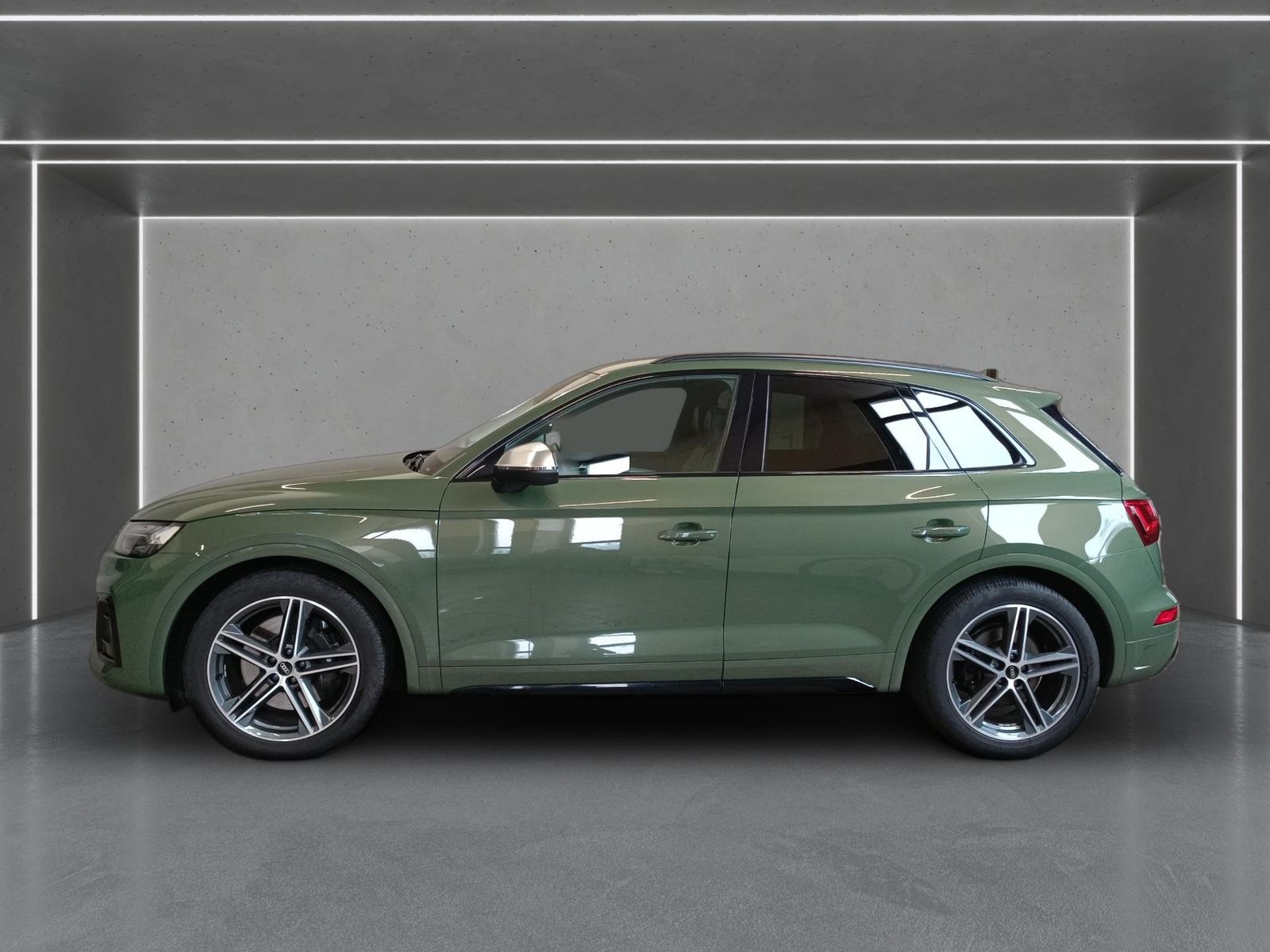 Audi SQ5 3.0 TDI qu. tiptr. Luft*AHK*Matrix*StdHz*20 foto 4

* * *

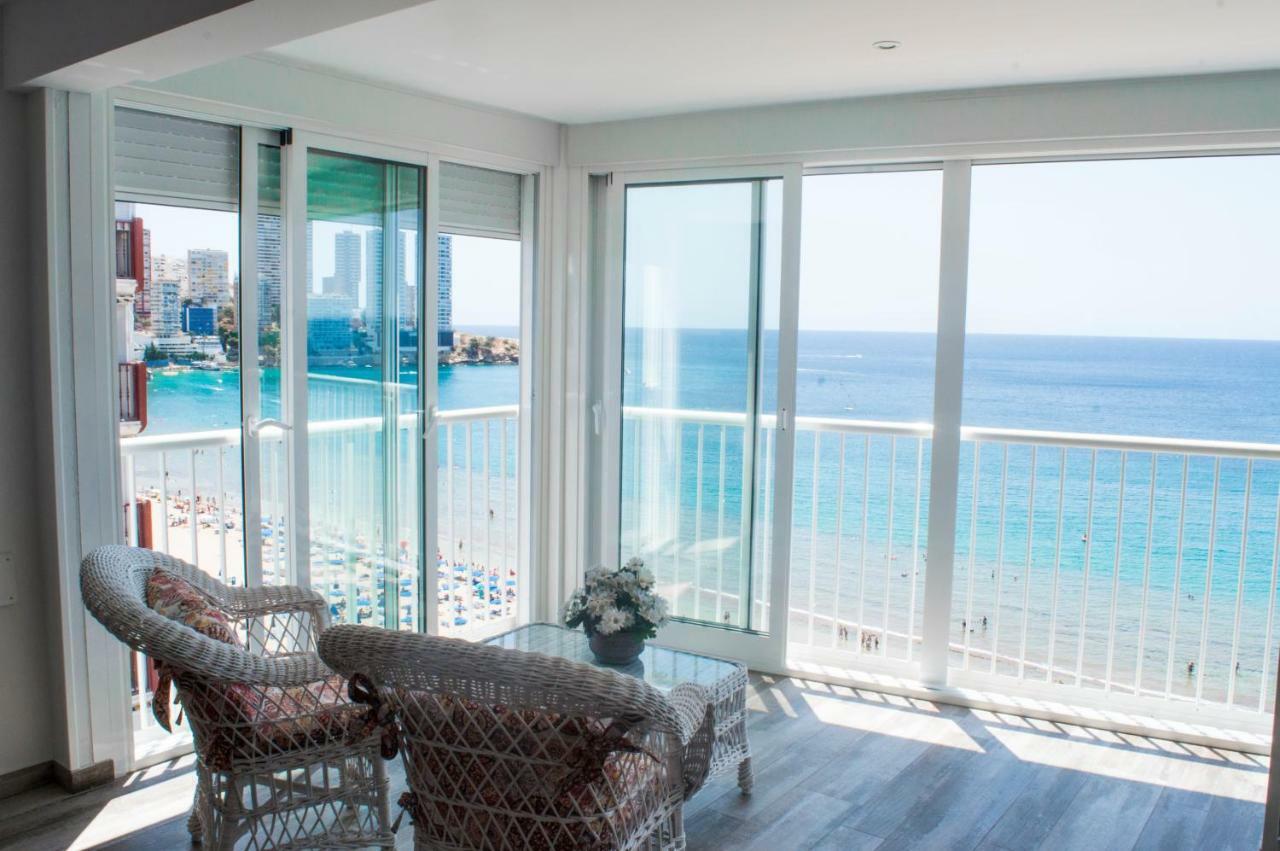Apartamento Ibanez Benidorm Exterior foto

---

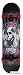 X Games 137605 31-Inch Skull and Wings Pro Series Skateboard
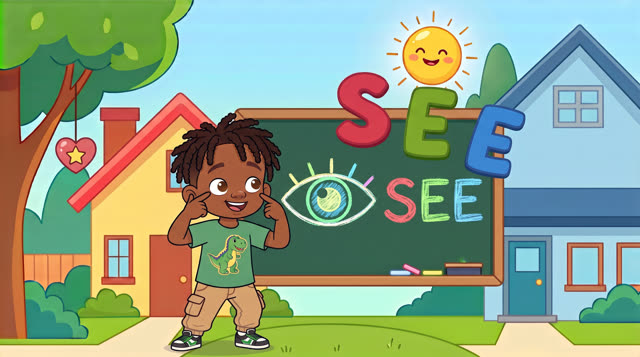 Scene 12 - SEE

Exercise aim:
Could you output exactly the lines above, from the line with "X Games 137605" up to and including the line with "Scene 12 - SEE", and nothing else, skipping the pictures?

The completed task:
 X Games 137605 31-Inch Skull and Wings Pro Series Skateboard
 Scene 12 - SEE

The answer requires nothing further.